Naturalmente, dato che la storia è ambientata a Bergamo, terra dove da sempre le banche giocano un ruolo fondamentale, ho dovuto muovermi con grande accortezza: nomi, luoghi ed eventi sono stati scelti con cura, cercando di evitare il più possibile riferimenti troppo precisi a fatti realmente accaduti. Anche in Bergamasca, sebbene le circostanze non abbiano avuta troppa eco a livello nazionale, si sono infatti verificati alcuni casi finiti sotto l’occhio della magistratura, con il conseguente avvio di procedimenti penali ancora in corso.

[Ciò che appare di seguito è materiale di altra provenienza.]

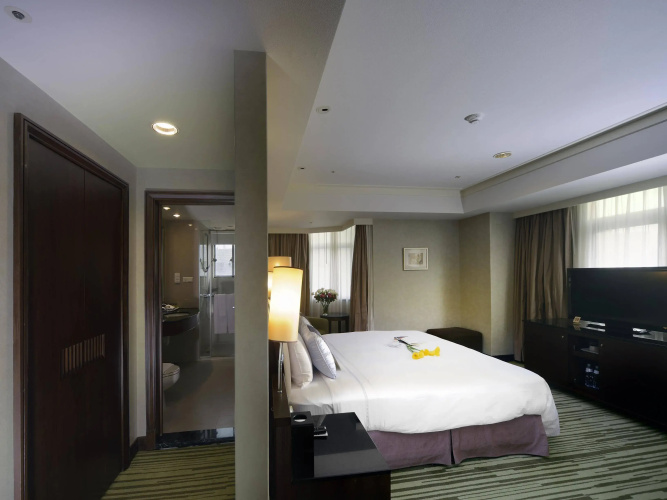 City Lake Hotel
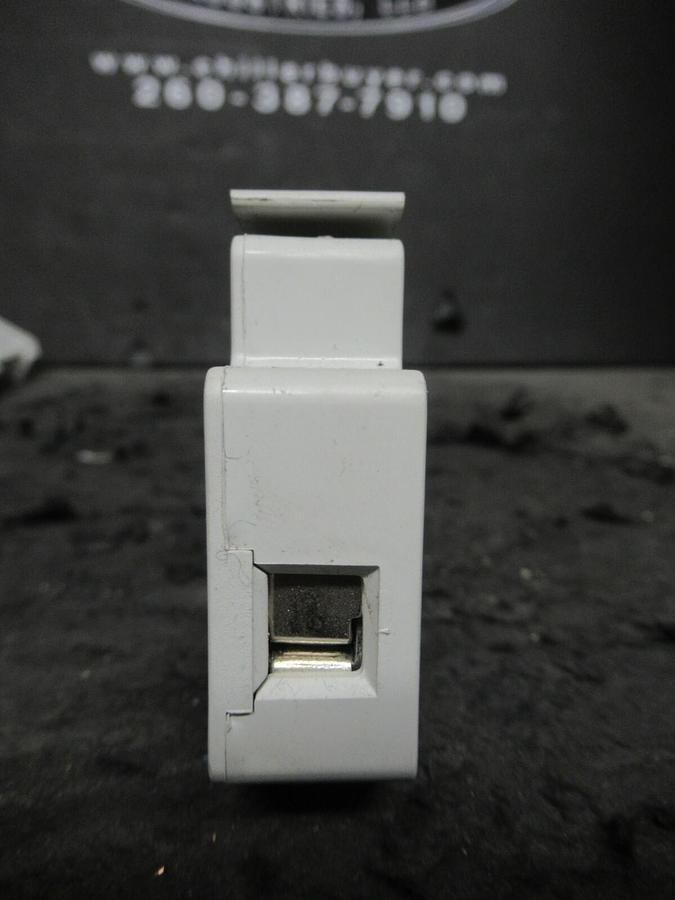 Used (3) 30 AMP 600 VAC 1 POLE FERRAZ SHAWMUT ULTRASAFE CLASS CC FUSE HOLDER USM11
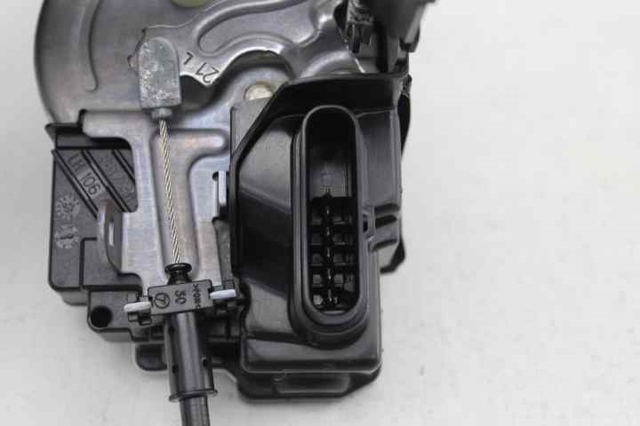 31440397 Cerradura de puerta trasera izquierda  en stock Castellón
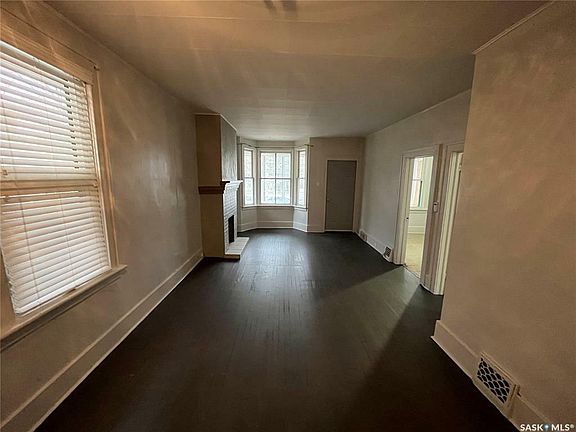 4th image of 1076 4th Ave NE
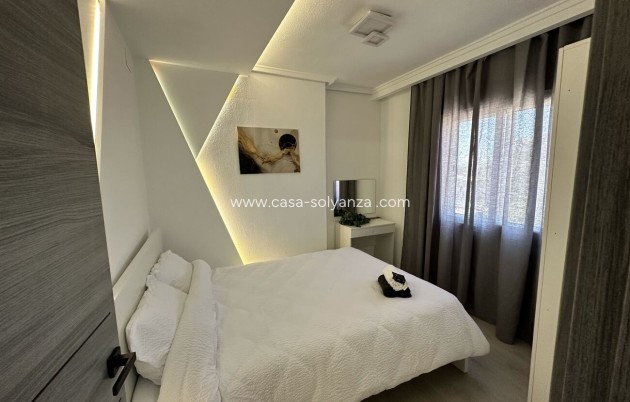 Resale - Apartment / flat - Torrevieja - Center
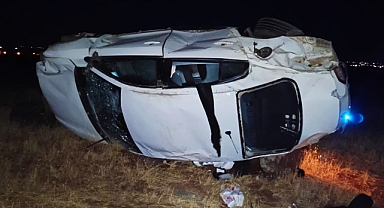 Siverek'te otomobil şarampole devrildi: Yaralılar var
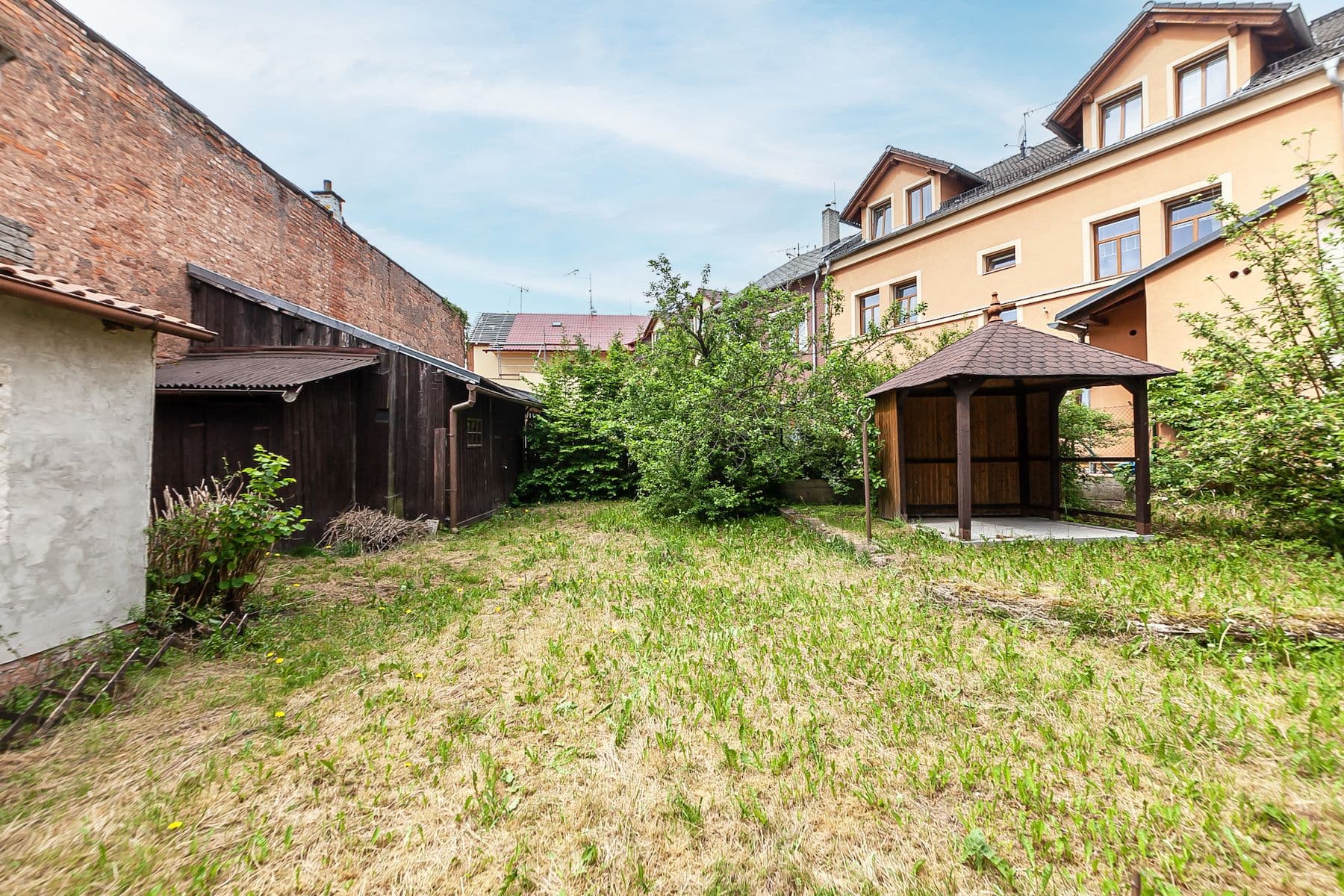 Predaj rekreačného objektu 250 m², pozemek 395 m², Malé náměstí, Lázně Bělohrad, Královéhradecký kraj Predaj rekreačného objektu 250 m², pozemek 395 m², Malé náměstí, Lázně Bělohrad, Královéhradecký kraj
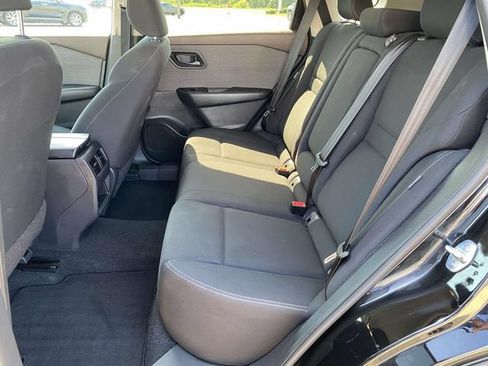 Used 2023 Nissan Rogue S FWD image 9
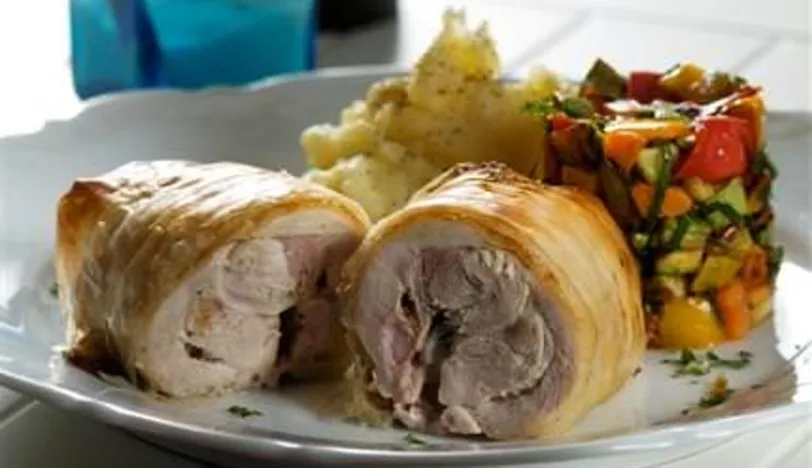 Baklava Hamuruna Sarılı Tavuk But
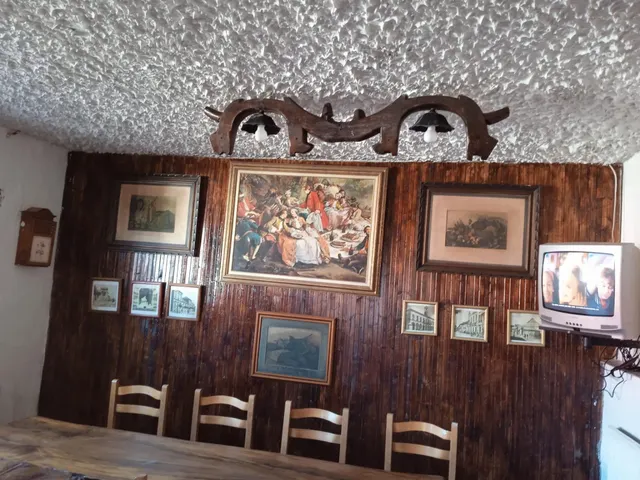 SE VENDE BODEGA CON MERENDERO, COCINA, BAÑO, PATIO DE 50 M2, EN VALENCIA DE DON JUN — 6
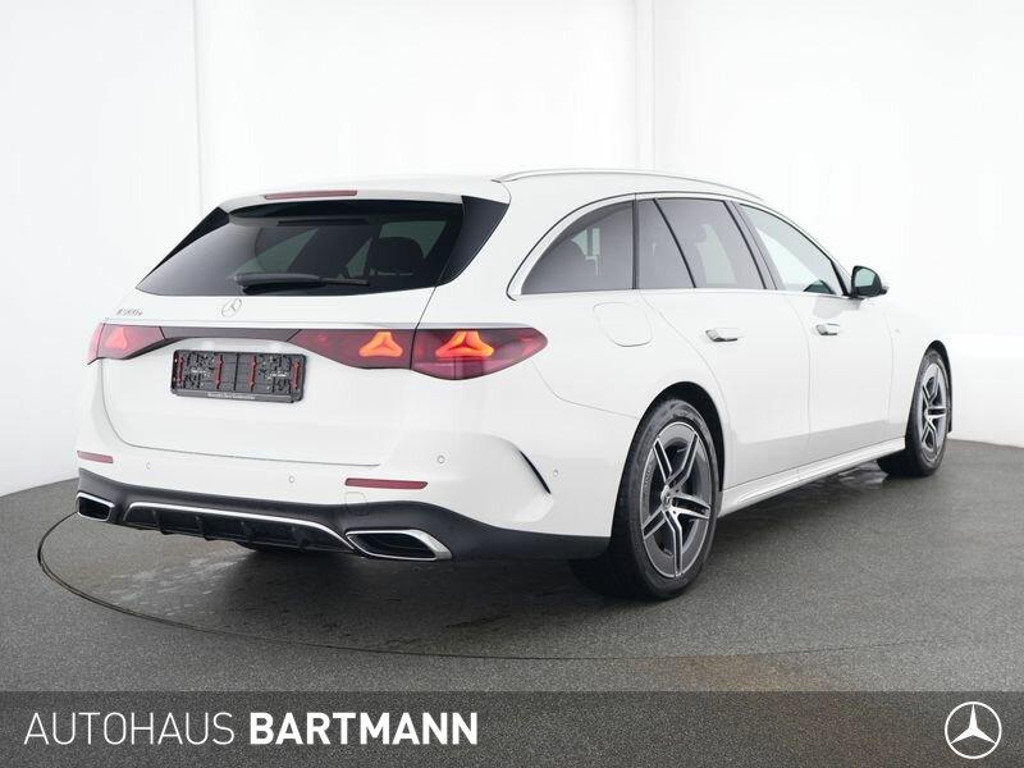 Mercedes-Benz E-Klasse E 300 AMG Line Estate E 300 e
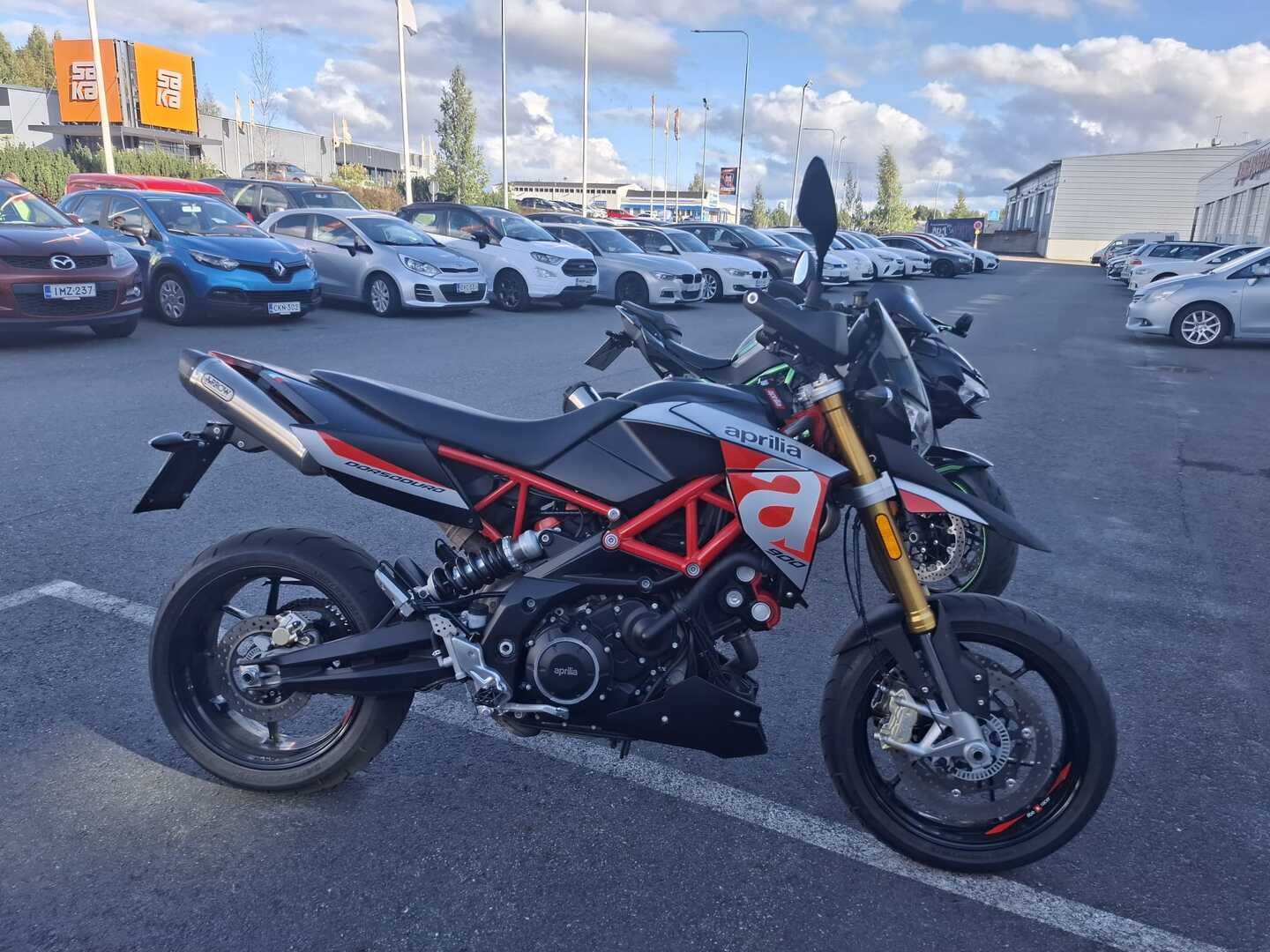 APRILIA DORSODURO 2017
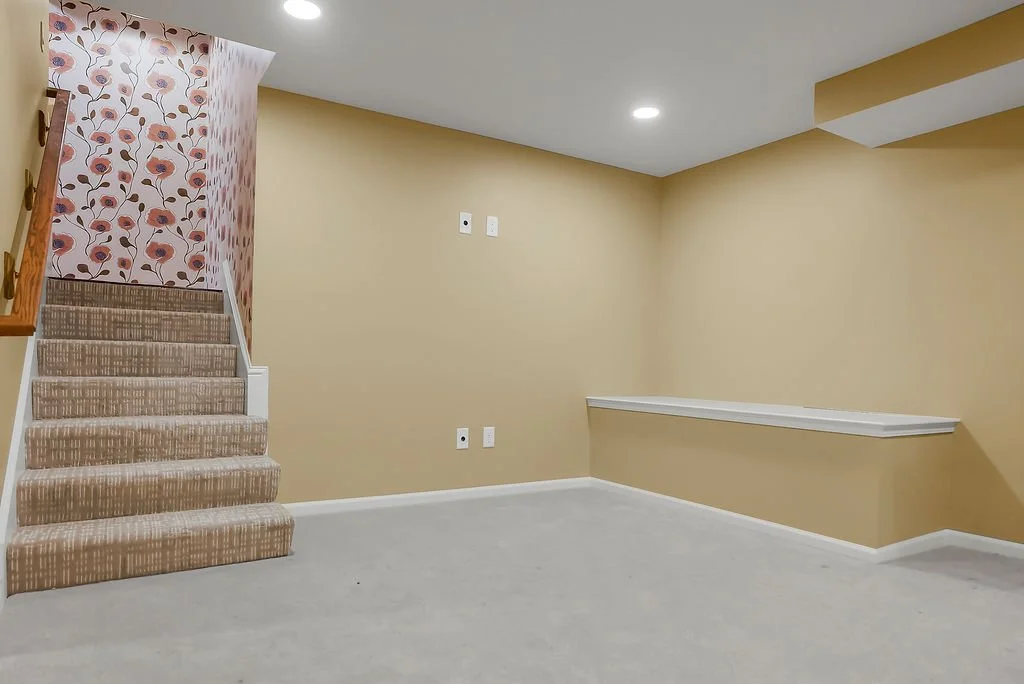 8017GranadaSt18.jpg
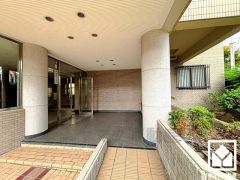 バリアフリーに配慮された、スロープ付きのエントランスアプローチ。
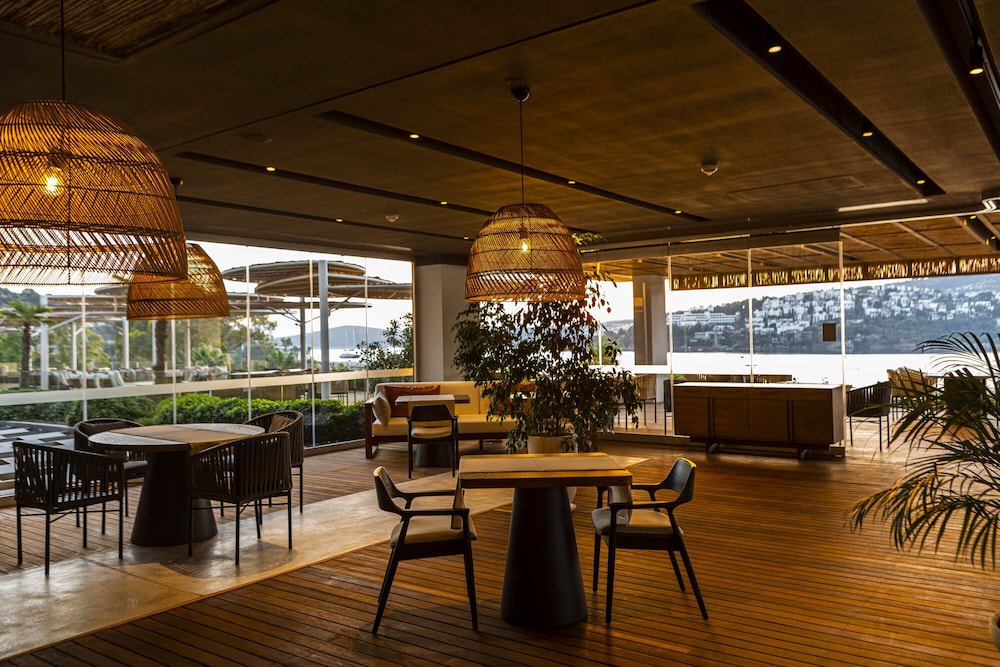 Cape Bodrum Luxury Hotel Beach 64/79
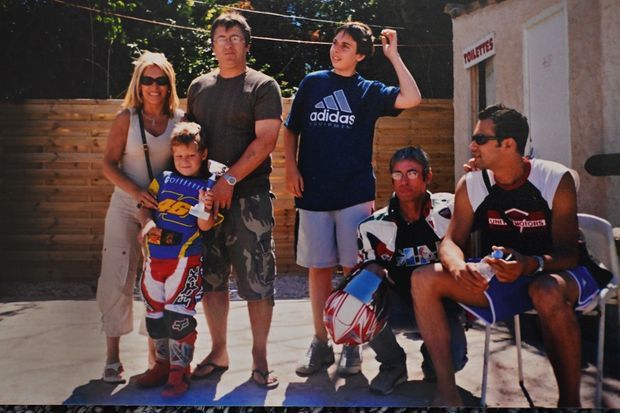 Déjà en piste à 5 ans, avec ses parents, Étienne et Martine, son frère, Anthony. À Biot, été 2004.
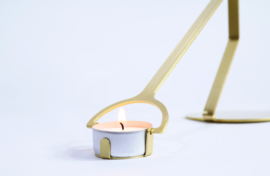 Rising Balance - dynamic candleholder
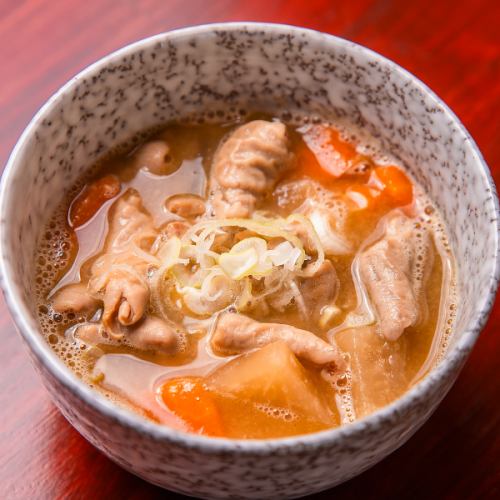自家製もつ煮込み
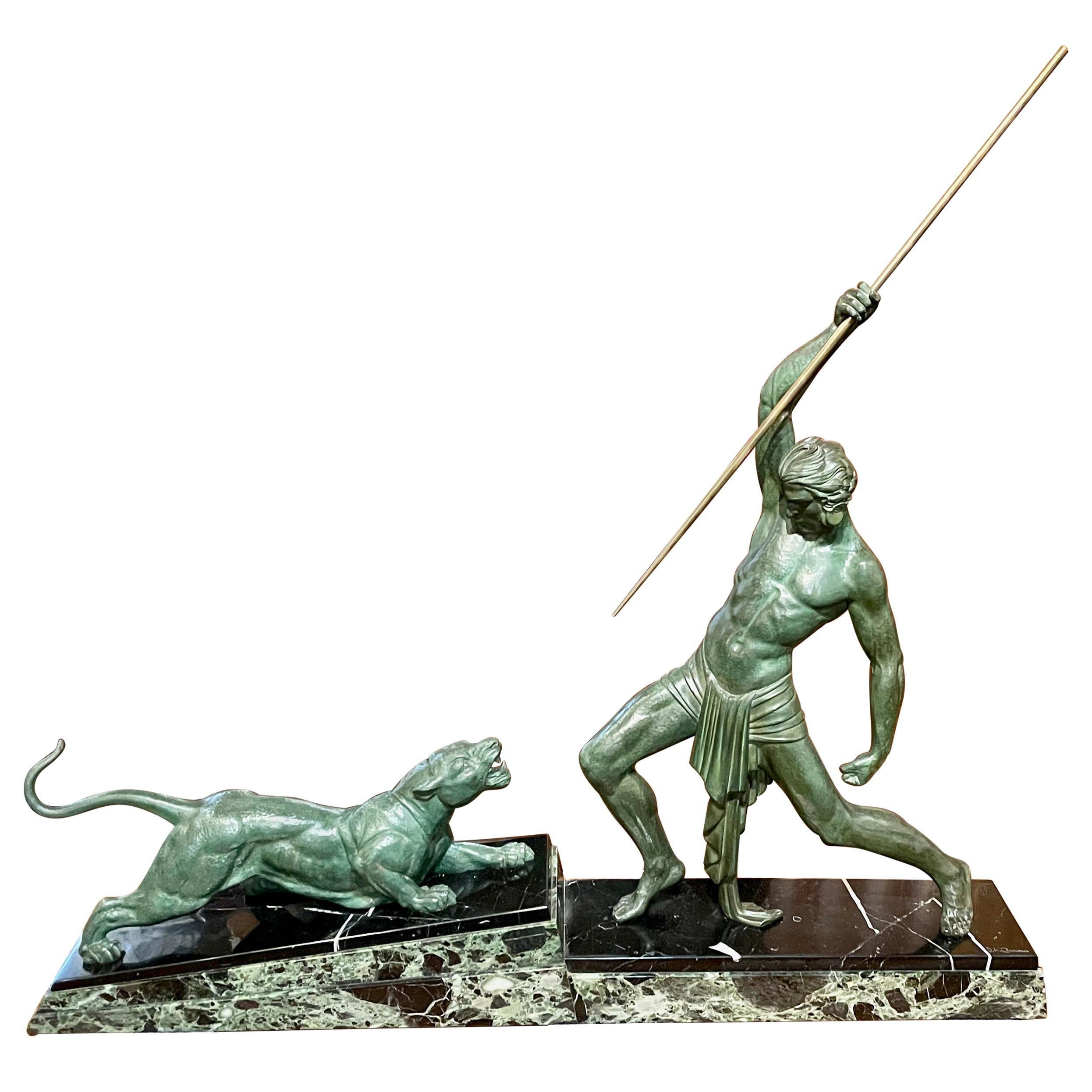 Figurative Sculpture Demetre Chiparus - Chiparus « Le chasseur », grande sculpture Art déco avec panthère, 1930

Per quanto riguarda il messaggio finale, sarebbe davvero semplicistico ridurlo al comune pensiero che ‘il crimine non paga’, in quanto la chiusura del romanzo, nel momento in cui definisce colpe e responsabilità di alcuni, ne lascia impuniti altri che, passata la bufera, si mostrano pronti a ricominciare le loro immorali attività.
Progetti futuri?
Dopo le feste natalizie inizierò il mio quinto noir, che avrà per oggetto un tema attuale e assai drammatico: la violenza di genere che spesso, come ci riportano quotidianamente le cronache, ogni anno sfocia purtroppo in centinaia di aggressioni, ferimenti e femminicidi. Credo sarà una sfida assai impegnativa, soprattutto perché da maschio dovrò riuscire a spogliarmi di tutti i miei pregiudizi senza però scivolare né nella lacrima facile, né tantomeno nella asettica neutralità.
Poi vorrei dedicarmi anche a un altro progetto più lontano nel tempo: scrivere gialli – o per meglio dire, polizieschi puri – senza però abbandonare i miei amati noir, il genere narrativo per il quale mi sento maggiormente portato.
Mi piacerebbe creare un personaggio investigativo legato a Bergamo e inserirlo in una serie che si prolunghi negli anni… forse non diverrò il Camilleri, il De Giovanni o il Carofiglio orobico, ma per me sarebbe davvero un grande traguardo.